Lviv, one of Ukraine’s host-cities for Euro 2012, is well-known for its architectural beauty, cosy cafes and authentic coffee.
Supporters of the local football club, Karpaty, are considered to be among the most patriotic and passionate fans in the country. Sometimes however this passion – for football, their club and country – turns from national pride and patriotism to xenophobia and racism.
Taras Pavliv is the head of the public association “Forever Faithful”, and more informally one of the leaders of the fan movement of Karpaty Lviv. Commenting on the scandal of racism in Ukrainian stadiums which was recently reported in the European media, he admits that racism does exist, but says the scale has been exaggerated by journalists.

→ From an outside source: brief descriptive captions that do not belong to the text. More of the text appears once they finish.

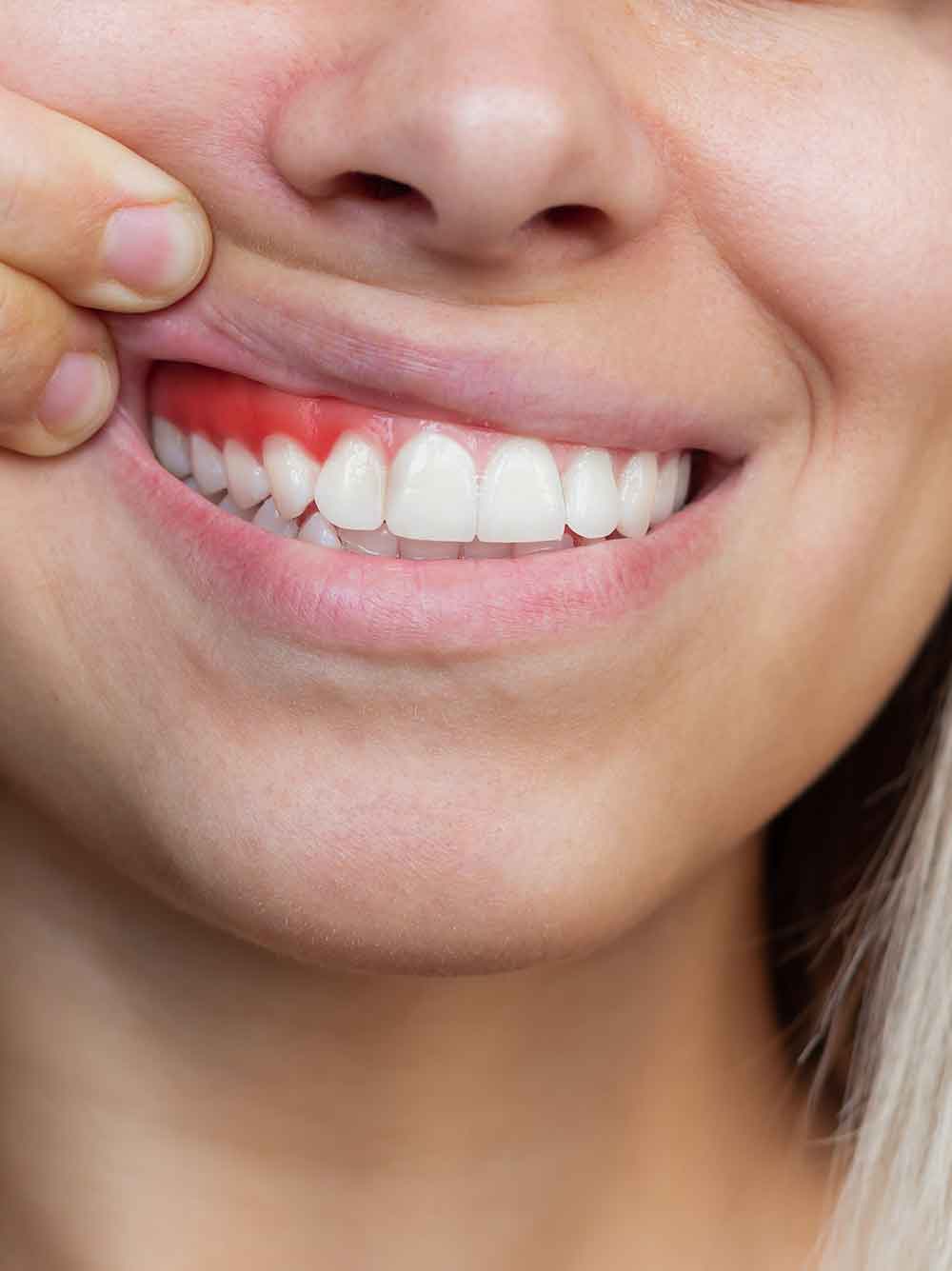 gum inflammation closeup young woman showing bleeding gums gray background dentistry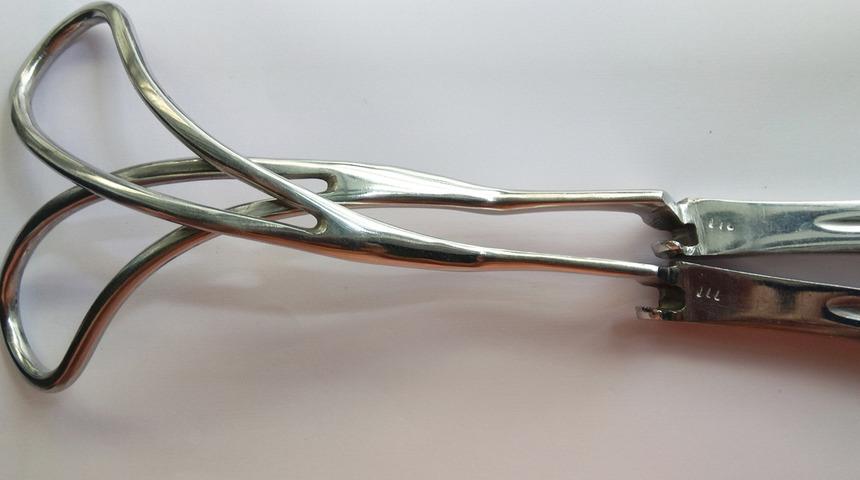 Cinsel organından çıktı: Tam 80 cm! Nedeni 'pes' dedirtti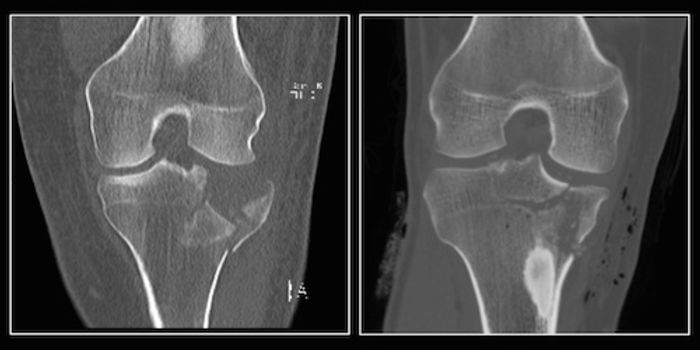 CT Scan Detects Fractures Using 14-Times Less Radiation
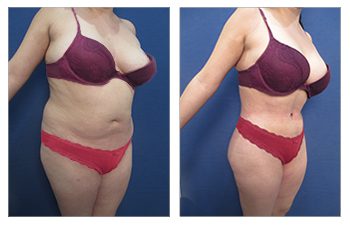 How Does Liposuction work?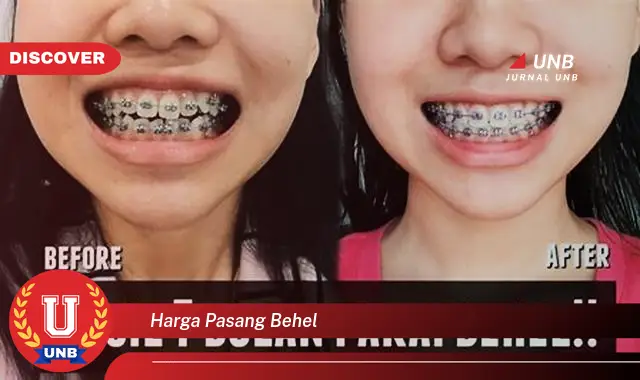 harga pasang behel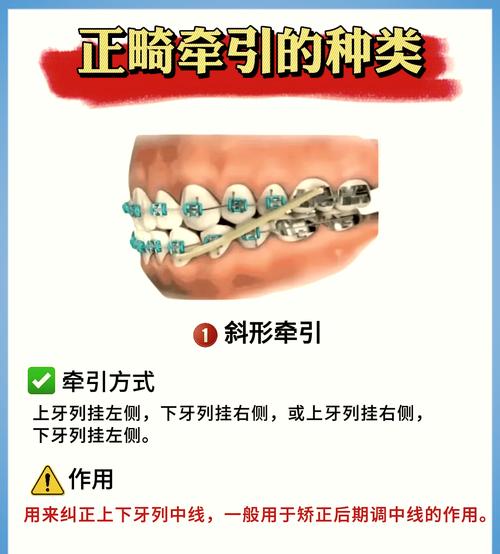 正畸牙齿带皮筋的作用-图1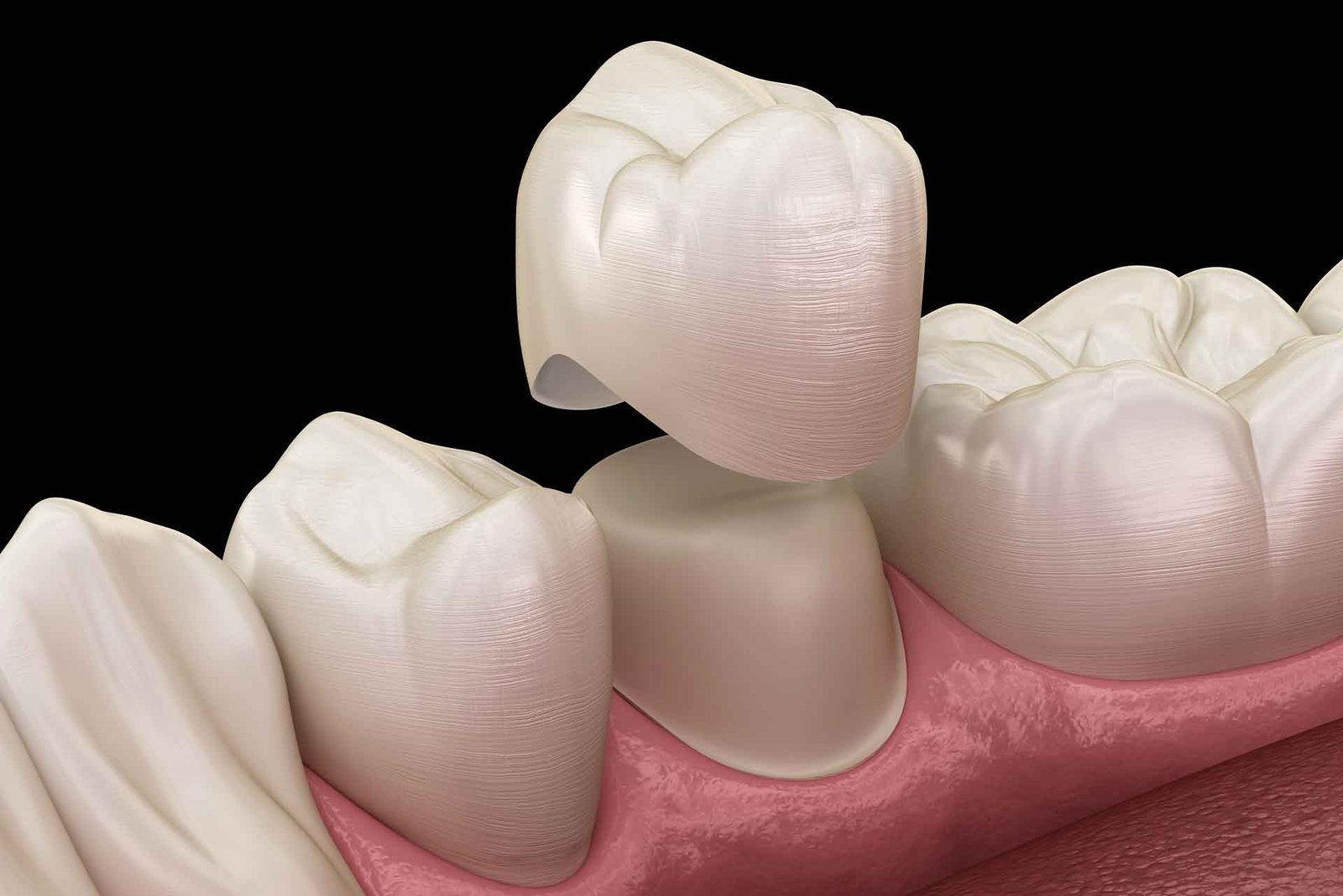 dental crowns view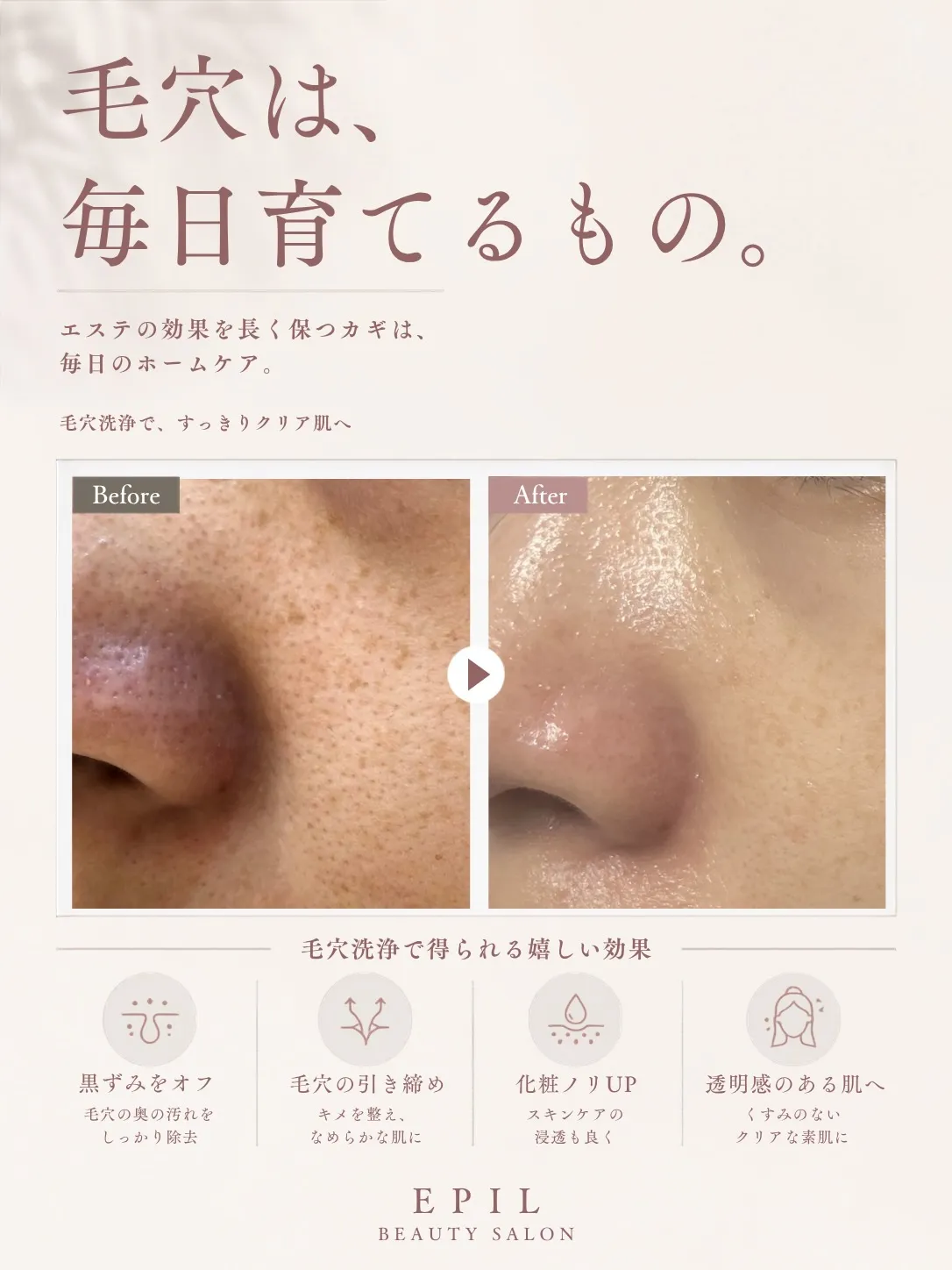 毛穴育てていますか?【スタッフ肌Before⇆After】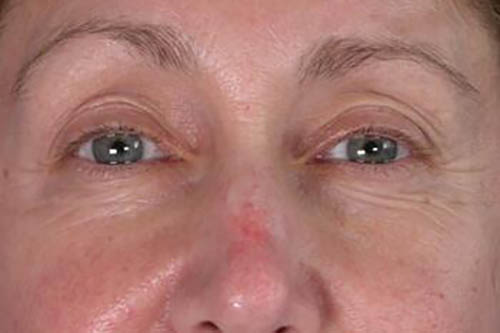 Eyelid Surgery Before & After Image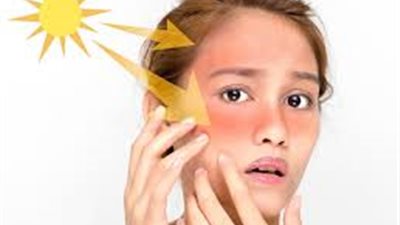 استشاري: حروق الشمس سبب مباشر للإصابة بسرطان الجلد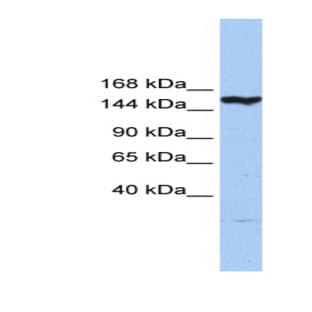 anti-CASP8 Associated Protein 2 (CASP8AP2) (N-Term) antibody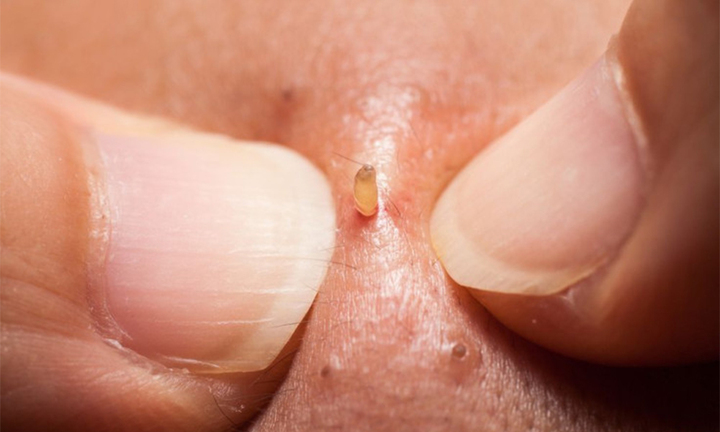 7 lý do nhiều người nghiện xem clip nặn mụn dù trông rất ghê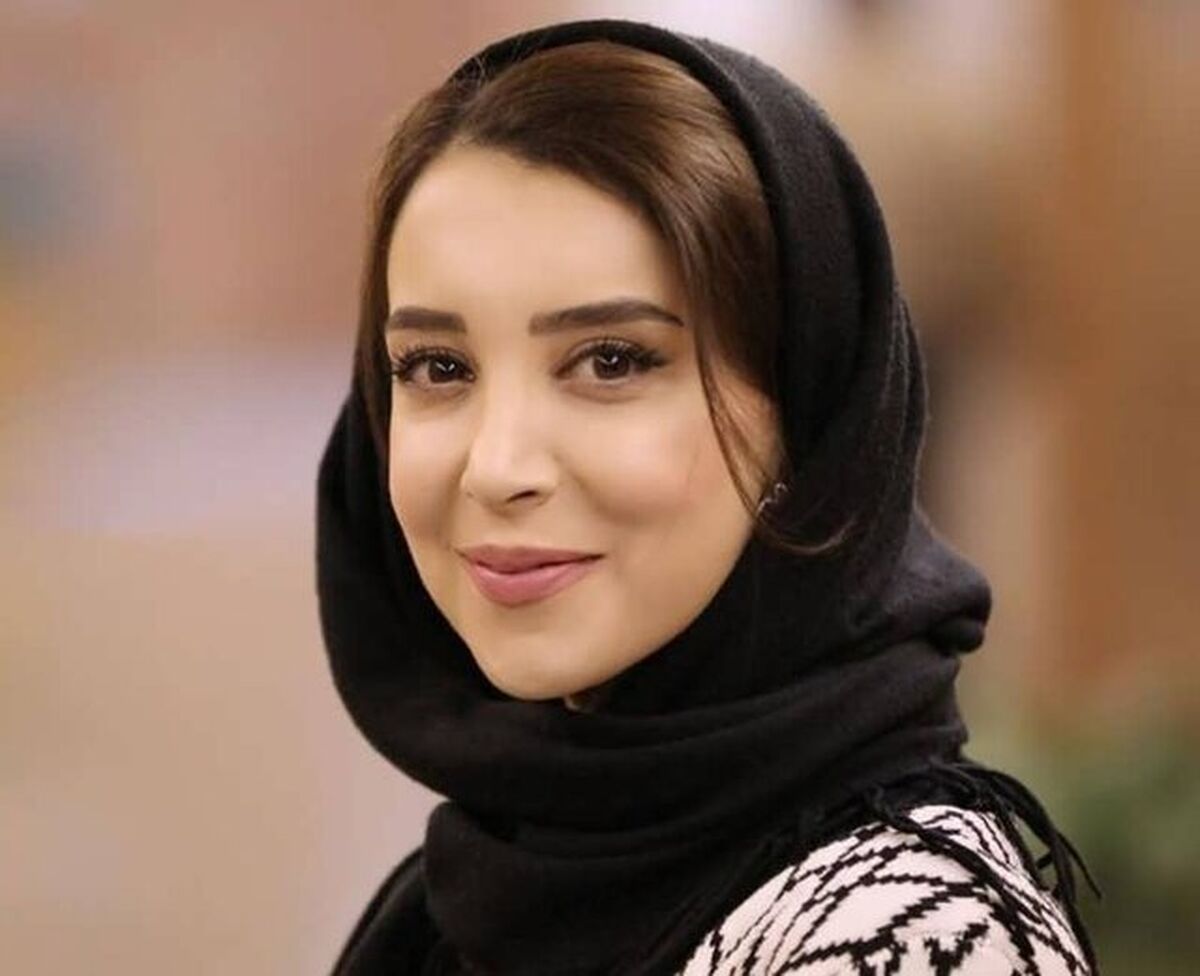 کج شدن فک بازیگر مشهور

“There is racism at matches. At all matches whether in Ukraine, or elsewhere in the world. There are some displays of it in Lviv as well. One of the reasons for this is that some youngsters confuse nationalism with racism. It’s a very thin line which is all too easy to cross. Ukrainian fans mostly limit themselves to hand gestures, but in Europe – France or England – it is much worse, with beatings and killings. We don’t have the same level of violence compared with the rest of Europe,” he said.
Another fan of Karpaty, Andriy Markovec, says he saw how foreign media distort the facts when his British friends sent him a video that had aired on British television:
“Every summer fans from the whole of Europe come to Lviv to take part in a friendly football tournament. I got the link to a report of it on British TV from my friends from Liverpool, who had visited Ukraine several times and liked it. They were laughing saying ‘look, it appears that it’s too dangerous to go to Ukraine.”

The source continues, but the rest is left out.